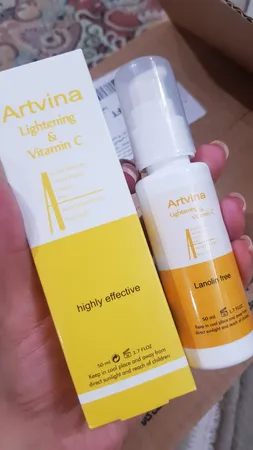 کرم روشن کننده و ضد لک صورت آرت وینا مدل ویتامین C مناسب انواع پوست حجم 50 میلی لیتر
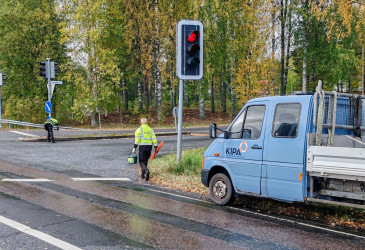 Kiinteistö- ja aluepalvelun työntekijä asentaa aurauskeppejä syksyisessä säässä.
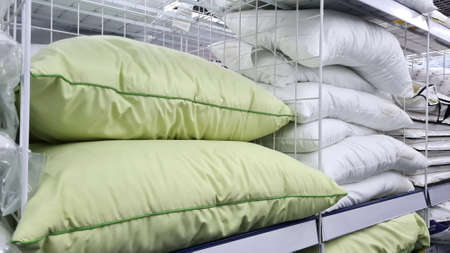 Many beautiful green and white pillows sells on a shelf in the store.の写真素材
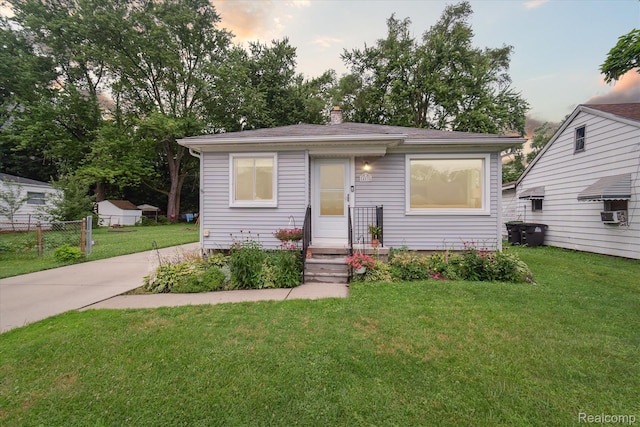 14634 Mcguire St, Taylor, MI 48180 - bungalow-style home with a chimney and concrete driveway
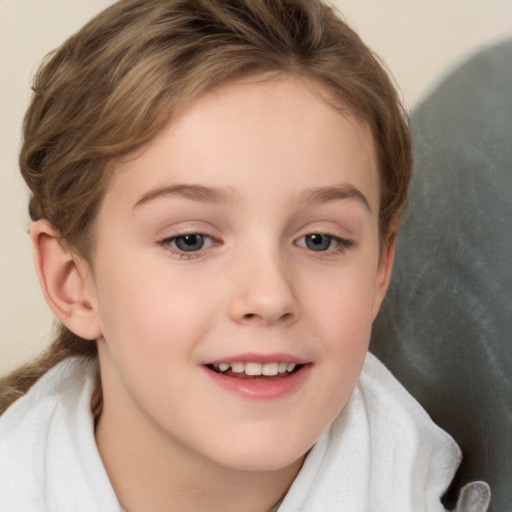 Joyful white child female with short  brown hair and grey eyes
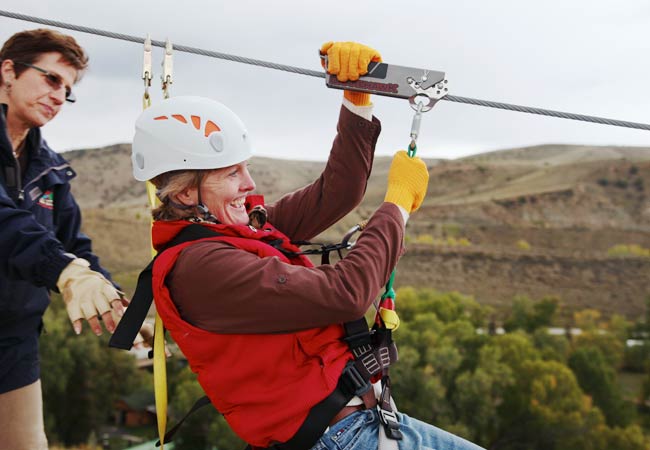 Women taking off of zip line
-=-=-=-=-
**Assignment**
This exercise needs every entry retyped exactly, with the pictures removed.

**Written response**
 کرم روشن کننده و ضد لک صورت آرت وینا مدل ویتامین C مناسب انواع پوست حجم 50 میلی لیتر
 Kiinteistö- ja aluepalvelun työntekijä asentaa aurauskeppejä syksyisessä säässä.
 Many beautiful green and white pillows sells on a shelf in the store.の写真素材
 14634 Mcguire St, Taylor, MI 48180 - bungalow-style home with a chimney and concrete driveway
 Joyful white child female with short  brown hair and grey eyes
 Women taking off of zip line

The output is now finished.